══ DATA EXTRACT
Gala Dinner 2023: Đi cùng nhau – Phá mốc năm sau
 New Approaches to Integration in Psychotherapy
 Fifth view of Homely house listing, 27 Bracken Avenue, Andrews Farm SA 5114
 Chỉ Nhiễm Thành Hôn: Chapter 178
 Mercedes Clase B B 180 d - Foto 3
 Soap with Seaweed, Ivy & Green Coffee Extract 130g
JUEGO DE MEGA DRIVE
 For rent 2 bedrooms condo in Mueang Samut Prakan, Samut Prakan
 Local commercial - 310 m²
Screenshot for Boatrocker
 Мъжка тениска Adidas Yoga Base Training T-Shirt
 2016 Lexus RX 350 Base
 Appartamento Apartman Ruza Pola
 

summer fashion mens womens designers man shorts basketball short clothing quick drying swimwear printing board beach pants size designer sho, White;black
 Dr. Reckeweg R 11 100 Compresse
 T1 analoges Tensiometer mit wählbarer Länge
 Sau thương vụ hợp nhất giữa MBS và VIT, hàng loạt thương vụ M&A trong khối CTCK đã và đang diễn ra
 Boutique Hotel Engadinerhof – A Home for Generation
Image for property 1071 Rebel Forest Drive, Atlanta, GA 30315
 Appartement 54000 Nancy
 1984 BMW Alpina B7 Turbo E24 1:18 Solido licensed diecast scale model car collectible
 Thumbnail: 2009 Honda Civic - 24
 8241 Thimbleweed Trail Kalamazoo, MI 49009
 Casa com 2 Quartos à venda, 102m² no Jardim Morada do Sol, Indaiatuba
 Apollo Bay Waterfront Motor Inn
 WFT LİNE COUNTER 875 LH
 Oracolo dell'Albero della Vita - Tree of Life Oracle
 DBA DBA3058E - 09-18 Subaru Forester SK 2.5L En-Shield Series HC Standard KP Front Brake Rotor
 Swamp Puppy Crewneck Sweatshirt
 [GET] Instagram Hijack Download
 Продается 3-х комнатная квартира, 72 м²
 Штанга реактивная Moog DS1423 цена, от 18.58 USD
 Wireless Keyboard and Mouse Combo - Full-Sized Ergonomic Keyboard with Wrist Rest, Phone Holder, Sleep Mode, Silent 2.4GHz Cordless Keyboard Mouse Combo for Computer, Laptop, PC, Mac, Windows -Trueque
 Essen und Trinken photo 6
════
__WHAT YOU HAVE TO DO__: Using the entries above, output exactly the lines between the line holding "Штанга реактивная Moog" and the line holding "Wireless Keyboard and", end lines included, and nothing more.

__RESULT FOR THIS TASK__:
 Штанга реактивная Moog DS1423 цена, от 18.58 USD
 Wireless Keyboard and Mouse Combo - Full-Sized Ergonomic Keyboard with Wrist Rest, Phone Holder, Sleep Mode, Silent 2.4GHz Cordless Keyboard Mouse Combo for Computer, Laptop, PC, Mac, Windows -Trueque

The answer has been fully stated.